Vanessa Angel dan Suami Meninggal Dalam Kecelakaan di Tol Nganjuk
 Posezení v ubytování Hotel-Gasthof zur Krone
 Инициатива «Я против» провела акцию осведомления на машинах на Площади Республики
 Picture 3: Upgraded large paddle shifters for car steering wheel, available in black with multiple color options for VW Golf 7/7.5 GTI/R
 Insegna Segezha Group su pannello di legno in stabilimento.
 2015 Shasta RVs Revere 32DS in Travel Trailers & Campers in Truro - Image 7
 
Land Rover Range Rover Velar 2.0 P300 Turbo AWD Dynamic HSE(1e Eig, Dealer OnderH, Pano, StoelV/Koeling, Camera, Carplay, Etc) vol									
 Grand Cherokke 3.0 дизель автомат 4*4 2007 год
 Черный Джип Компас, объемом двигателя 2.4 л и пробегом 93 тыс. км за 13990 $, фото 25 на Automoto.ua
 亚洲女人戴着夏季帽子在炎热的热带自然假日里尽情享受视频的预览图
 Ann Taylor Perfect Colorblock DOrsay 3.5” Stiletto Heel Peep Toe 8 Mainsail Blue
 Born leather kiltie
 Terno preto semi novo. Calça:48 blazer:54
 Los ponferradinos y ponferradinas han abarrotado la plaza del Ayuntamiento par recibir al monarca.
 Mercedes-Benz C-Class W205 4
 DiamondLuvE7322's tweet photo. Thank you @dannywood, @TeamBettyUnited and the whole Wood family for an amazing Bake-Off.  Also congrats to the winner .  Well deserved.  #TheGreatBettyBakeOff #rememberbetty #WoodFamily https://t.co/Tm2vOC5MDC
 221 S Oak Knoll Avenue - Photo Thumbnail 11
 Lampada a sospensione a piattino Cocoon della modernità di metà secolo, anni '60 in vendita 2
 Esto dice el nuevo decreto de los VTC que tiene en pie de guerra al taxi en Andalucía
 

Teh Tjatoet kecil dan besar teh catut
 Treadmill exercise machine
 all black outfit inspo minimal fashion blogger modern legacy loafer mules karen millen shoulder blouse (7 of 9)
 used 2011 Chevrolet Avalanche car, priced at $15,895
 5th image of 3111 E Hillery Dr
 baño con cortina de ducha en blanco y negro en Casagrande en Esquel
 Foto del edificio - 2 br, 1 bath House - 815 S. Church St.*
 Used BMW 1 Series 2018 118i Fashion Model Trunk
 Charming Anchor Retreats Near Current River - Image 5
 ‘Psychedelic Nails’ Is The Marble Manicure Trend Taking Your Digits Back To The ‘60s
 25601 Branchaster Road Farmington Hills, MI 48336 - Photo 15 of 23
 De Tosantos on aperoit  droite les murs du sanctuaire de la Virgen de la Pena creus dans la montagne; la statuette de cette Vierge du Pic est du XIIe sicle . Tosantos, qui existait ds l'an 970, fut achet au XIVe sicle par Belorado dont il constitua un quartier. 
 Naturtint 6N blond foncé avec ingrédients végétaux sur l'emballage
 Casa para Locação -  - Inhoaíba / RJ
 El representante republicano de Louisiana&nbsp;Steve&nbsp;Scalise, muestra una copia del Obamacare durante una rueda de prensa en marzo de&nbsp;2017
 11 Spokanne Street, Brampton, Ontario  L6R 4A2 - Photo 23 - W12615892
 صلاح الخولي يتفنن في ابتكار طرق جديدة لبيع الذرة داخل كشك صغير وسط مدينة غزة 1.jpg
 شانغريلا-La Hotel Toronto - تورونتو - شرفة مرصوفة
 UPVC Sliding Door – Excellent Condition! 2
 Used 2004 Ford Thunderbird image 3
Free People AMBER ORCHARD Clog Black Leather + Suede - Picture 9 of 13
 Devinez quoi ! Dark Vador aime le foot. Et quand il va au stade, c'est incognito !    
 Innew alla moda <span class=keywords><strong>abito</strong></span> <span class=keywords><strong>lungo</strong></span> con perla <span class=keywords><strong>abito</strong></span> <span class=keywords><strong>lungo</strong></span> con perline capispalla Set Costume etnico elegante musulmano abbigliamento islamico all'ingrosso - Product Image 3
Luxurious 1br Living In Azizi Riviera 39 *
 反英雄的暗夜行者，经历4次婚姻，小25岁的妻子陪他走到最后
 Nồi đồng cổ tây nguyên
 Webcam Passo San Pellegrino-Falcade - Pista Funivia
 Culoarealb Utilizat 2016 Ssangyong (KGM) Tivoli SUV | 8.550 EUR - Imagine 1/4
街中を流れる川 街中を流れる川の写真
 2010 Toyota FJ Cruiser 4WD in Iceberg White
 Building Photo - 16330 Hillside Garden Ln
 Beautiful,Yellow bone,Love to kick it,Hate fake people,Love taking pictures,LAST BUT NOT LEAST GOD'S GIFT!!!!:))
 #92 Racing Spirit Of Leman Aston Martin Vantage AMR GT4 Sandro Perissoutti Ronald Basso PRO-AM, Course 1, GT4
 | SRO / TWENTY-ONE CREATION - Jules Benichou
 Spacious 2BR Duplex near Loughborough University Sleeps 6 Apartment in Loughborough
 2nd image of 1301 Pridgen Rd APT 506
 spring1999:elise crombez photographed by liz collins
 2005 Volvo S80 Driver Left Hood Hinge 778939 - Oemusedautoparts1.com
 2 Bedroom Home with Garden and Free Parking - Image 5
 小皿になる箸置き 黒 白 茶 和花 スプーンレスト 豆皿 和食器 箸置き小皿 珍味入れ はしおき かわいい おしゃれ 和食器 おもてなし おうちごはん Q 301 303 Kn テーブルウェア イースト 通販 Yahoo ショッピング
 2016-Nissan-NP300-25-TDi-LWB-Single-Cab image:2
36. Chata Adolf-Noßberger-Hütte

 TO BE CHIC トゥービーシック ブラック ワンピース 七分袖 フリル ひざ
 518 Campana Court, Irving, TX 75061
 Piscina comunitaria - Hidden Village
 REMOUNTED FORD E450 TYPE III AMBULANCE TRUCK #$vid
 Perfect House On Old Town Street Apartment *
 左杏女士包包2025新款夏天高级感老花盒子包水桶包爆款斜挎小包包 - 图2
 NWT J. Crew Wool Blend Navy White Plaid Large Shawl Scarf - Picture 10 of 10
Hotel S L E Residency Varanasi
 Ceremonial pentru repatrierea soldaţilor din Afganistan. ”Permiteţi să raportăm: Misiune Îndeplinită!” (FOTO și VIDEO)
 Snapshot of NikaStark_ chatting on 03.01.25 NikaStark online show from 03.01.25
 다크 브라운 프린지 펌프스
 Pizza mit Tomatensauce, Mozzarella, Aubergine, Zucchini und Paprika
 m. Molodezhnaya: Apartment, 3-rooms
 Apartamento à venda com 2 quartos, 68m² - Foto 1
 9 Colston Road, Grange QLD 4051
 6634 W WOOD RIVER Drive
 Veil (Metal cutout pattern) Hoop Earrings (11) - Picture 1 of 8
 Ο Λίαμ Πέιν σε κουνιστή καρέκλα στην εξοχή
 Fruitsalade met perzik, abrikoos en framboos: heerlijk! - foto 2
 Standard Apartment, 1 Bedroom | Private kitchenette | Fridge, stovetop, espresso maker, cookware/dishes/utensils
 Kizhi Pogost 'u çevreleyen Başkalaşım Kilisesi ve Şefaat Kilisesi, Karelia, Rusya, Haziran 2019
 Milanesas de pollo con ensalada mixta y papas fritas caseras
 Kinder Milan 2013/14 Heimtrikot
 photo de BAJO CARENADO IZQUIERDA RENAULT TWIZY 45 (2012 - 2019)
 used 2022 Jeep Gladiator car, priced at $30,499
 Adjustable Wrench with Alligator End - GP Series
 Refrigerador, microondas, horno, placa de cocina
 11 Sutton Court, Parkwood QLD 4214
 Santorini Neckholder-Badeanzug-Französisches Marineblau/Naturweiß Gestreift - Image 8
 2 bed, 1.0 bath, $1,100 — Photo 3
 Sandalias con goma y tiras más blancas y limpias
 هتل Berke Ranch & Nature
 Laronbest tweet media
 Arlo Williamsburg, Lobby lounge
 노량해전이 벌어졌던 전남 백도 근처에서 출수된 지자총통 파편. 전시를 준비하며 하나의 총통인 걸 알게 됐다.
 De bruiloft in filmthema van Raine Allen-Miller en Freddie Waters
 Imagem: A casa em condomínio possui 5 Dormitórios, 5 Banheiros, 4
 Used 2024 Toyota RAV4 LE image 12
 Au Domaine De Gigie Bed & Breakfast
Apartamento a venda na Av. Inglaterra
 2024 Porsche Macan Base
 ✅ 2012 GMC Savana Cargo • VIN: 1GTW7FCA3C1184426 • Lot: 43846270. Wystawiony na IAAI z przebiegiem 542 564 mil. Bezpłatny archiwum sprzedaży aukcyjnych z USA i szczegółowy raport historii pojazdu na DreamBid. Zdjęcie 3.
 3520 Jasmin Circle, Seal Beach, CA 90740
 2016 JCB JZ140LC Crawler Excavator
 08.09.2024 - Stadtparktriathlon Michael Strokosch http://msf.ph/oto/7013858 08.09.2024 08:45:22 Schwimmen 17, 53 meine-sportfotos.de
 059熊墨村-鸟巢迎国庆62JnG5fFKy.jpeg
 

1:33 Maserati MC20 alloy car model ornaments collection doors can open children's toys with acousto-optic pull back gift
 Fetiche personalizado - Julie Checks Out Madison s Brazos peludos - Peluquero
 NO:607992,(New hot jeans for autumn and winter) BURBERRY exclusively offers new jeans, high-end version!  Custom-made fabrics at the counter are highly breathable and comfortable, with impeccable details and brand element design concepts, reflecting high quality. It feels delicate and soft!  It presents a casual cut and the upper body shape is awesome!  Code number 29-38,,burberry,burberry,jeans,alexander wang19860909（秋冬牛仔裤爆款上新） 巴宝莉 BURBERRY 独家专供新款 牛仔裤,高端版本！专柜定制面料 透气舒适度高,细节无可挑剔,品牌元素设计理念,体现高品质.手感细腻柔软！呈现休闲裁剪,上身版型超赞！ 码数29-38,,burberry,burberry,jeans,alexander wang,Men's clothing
· · · · ·
Extract the lines of the preceding material that run from the line with "Building Photo - 16330 Hillside Garden Ln" through the line with "Apartamento à venda", inclusive, reproducing them exactly and adding nothing.

 Building Photo - 16330 Hillside Garden Ln
 Beautiful,Yellow bone,Love to kick it,Hate fake people,Love taking pictures,LAST BUT NOT LEAST GOD'S GIFT!!!!:))
 #92 Racing Spirit Of Leman Aston Martin Vantage AMR GT4 Sandro Perissoutti Ronald Basso PRO-AM, Course 1, GT4
 | SRO / TWENTY-ONE CREATION - Jules Benichou
 Spacious 2BR Duplex near Loughborough University Sleeps 6 Apartment in Loughborough
 2nd image of 1301 Pridgen Rd APT 506
 spring1999:elise crombez photographed by liz collins
 2005 Volvo S80 Driver Left Hood Hinge 778939 - Oemusedautoparts1.com
 2 Bedroom Home with Garden and Free Parking - Image 5
 小皿になる箸置き 黒 白 茶 和花 スプーンレスト 豆皿 和食器 箸置き小皿 珍味入れ はしおき かわいい おしゃれ 和食器 おもてなし おうちごはん Q 301 303 Kn テーブルウェア イースト 通販 Yahoo ショッピング
 2016-Nissan-NP300-25-TDi-LWB-Single-Cab image:2
36. Chata Adolf-Noßberger-Hütte

 TO BE CHIC トゥービーシック ブラック ワンピース 七分袖 フリル ひざ
 518 Campana Court, Irving, TX 75061
 Piscina comunitaria - Hidden Village
 REMOUNTED FORD E450 TYPE III AMBULANCE TRUCK #$vid
 Perfect House On Old Town Street Apartment *
 左杏女士包包2025新款夏天高级感老花盒子包水桶包爆款斜挎小包包 - 图2
 NWT J. Crew Wool Blend Navy White Plaid Large Shawl Scarf - Picture 10 of 10
Hotel S L E Residency Varanasi
 Ceremonial pentru repatrierea soldaţilor din Afganistan. ”Permiteţi să raportăm: Misiune Îndeplinită!” (FOTO și VIDEO)
 Snapshot of NikaStark_ chatting on 03.01.25 NikaStark online show from 03.01.25
 다크 브라운 프린지 펌프스
 Pizza mit Tomatensauce, Mozzarella, Aubergine, Zucchini und Paprika
 m. Molodezhnaya: Apartment, 3-rooms
 Apartamento à venda com 2 quartos, 68m² - Foto 1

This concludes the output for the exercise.